This data import populates author and category just as if we were recording custom dimensions with each pageview on the meteorology website, and we can now create a custom report to display performance by author and category.

Image described by surrounding text and caption.

Figure 17.7 When you create the Author and Category custom dimensions, specify the scope as Hit.

Table 17.1 Sample Content Management System (CMS) Records

Article ID Title Meta Description Main Content Author Category
3293 Winter Outlook 2017 Long-range forecast for winter 2017 It appears that winter in the northern hemisphere … Andrew Cullen Forecasts
4588 Worldwide Water Update Comprehensive water study As we analyze hydrological data from around the world … Stacy Hamida Hydrology
5214 Typhoon Watch Latest tracking for Pacific cyclones This typhoon season in the Pacific is proving to be very active … Andrew Cullen Cyclones

Table 17.2 Key Refinements for Page Dimension

Page dimension in GA /news/article.php?articleId=5214
Key in CMS 5214
Refinement query refinement: articleId
Page dimension in GA /news/typhoon
Key in CMS typhoon
Refinement regex refinement: /news/([^/]+)

Importing Campaign Data into Google Analytics

In Chapter 7, “Acquisition Reports,” we discussed the extreme importance of using the utm_medium, utm_source, and utm_campaign URL parameters to more accurately record our traffic sources and to populate the campaigns report with accurate, structured campaign data as in Listing 17.3.

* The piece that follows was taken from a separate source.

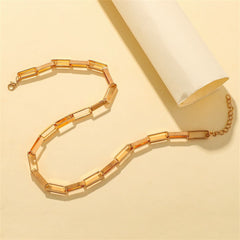 18K Gold-Plated Rectangle Chain Necklace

There is, however, another option for populating campaign parameters into GA: you can pass a single utm_id parameter in the URL, as shown in Listing 17.4, and then import the campaign parameters—and custom dimensions as an option—against this ID as the key, as shown in Listing 17.4.

Why might you use the simplified campaign parameter format in Listing 17.4? For one thing, it can be a bit compromising to explicitly display campaign parameters for your website visitors to plainly see. In most instances, direct indications of marketing descriptions can only be a distraction from the user and brand experience that you aim to provide. In other cases, you might be dealing with advertising platforms that allow a single campaign ID only.

To import campaign data:

  1. Create a new data set and select Campaign Data as the Data set type.
  2. Define the schema as in Figure 17.9. Note that we have created a Campaign Group custom dimension, which you can use (in a custom report or segment, or as a secondary dimension) to distinguish between product campaigns and informational resource campaigns. Also, as mentioned in Chapter 7, campaign name is not actually mandatory for campaign tracking, but it’s always recommended as best practice.

  3. Populate a .csv file as in Table 17.3.

  4. Import the .csv file as in the lead status and author/category examples earlier in the chapter.

Table 17.3 Representation of the Key, Campaign Parameters, and a Custom Dimension to Match the Schema in Figure 17.9

ga:campaignCode ga:medium ga:source ga:campaign ga:dimension8
198 email asia-list 20160701-newsletter info-resource
199 qa-code catalog 20160705-spring-discount-code-qa product
200 email europe-list 20160708-newsletter info-resource
201 social facebook 20160709-spring-discount-code-fb product
202 social linkedin 20160710-spring-discount-code-li product
Screenshot shows Data set schema in which page is chosen as the Key, query refinement button is clicked, article ID is specified as the query parameter and author and category are chosen as the Imported data.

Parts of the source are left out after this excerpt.